Total gross income rose 5.4 per cent in the year to the December quarter, but disposable gross income rose only 3.3 per cent (that’s once tax and interest repayments are taken out). Once you factor in inflation of more than 7 per cent, fewer households can spoil themselves on takeaway night. And of course, some are having to give up a lot more than a Friday-night treat.
RBA assistant governor Christopher Kent.Credit:Bloomberg
Importantly, as RBA assistant governor Christopher Kent reminded us this week, monetary policy has long and variable lags. That means some households haven’t yet felt the full whack of higher interest rate payments. Many are likely terrified of the damage to be inflicted when they fall over the so-called mortgage cliff – when the low fixed rate mortgages locked in during the pandemic expire.

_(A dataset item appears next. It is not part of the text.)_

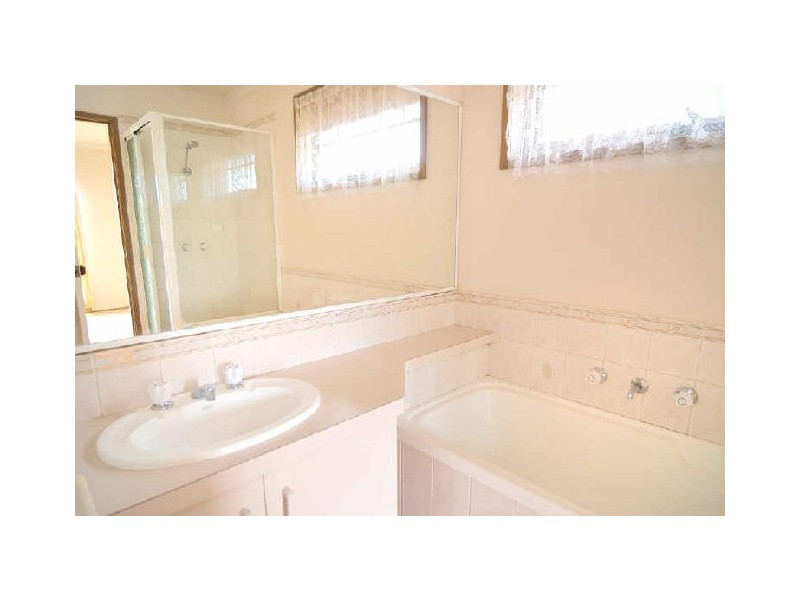 32 Madison Avenue, Narre Warren VIC 3805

The Reserve Bank estimated that scheduled mortgage payments are projected to reach a new record this year (and their calculations don’t include potential further rises).
Will the tax-take get much higher? It will increase, but interest rates will drain disposable income more. Most of the labour market improvement is likely to be behind us because the economy is slowing. Also, some of the latest surge in tax receipts is “catch-up” tax that won’t need to be repaid.
The numbers beg the question: are the stage three tax cuts so bad if they put a bit more money back into already squeezed household budgets? If we think that households deserve a break from tax brackets that don’t reflect inflation – when real wages are falling and interest rates are rising – then yes. The tax cuts due to start in July 2024 will benefit people with annual incomes starting at just $45,000. That’s not a high salary.
But the answer is no if we are more concerned that additional dollars in consumers’ pockets are inflationary – especially when the public sector as a whole is making its own contribution to inflation with enthusiastic spending.
On balance, I think the stage three tax cuts are reasonable because they will land when our inflation problem is behind us. In many ways, these are not even stimulatory when viewed over a multi-year horizon because they are just returning the tax that inflation rushed.
From an equity perspective, there is a strong argument to reconfigure the tax cuts to consider the impact of changes across different income groups in the economy. Mortgage holders who have recently taken on debt should, most sensibly, be given tax relief – although that’s easier said than done.
It also highlights that the Reserve Bank is the best institution to manage inflation. Monetary policy is flexible and can be quickly adjusted to suit the economic times, although it is far from perfect from an equity perspective. Fiscal policy is multilayered, slow to implement and can often create unintended economic consequences.
The sad reality is that super-loose fiscal and monetary policy settings during the pandemic were a significant part of the reason we have an inflation problem now. If loose policy had not been reversed, high levels of inflation would have continued, and that’s not in anyone’s interest – especially those on low incomes.
If inflation took the cost of a loaf of bread to $20, imagine the cost of takeaway night. It would be a treat reserved for the very few. So be careful whose face you pin to the dartboard. It could be the wrong one.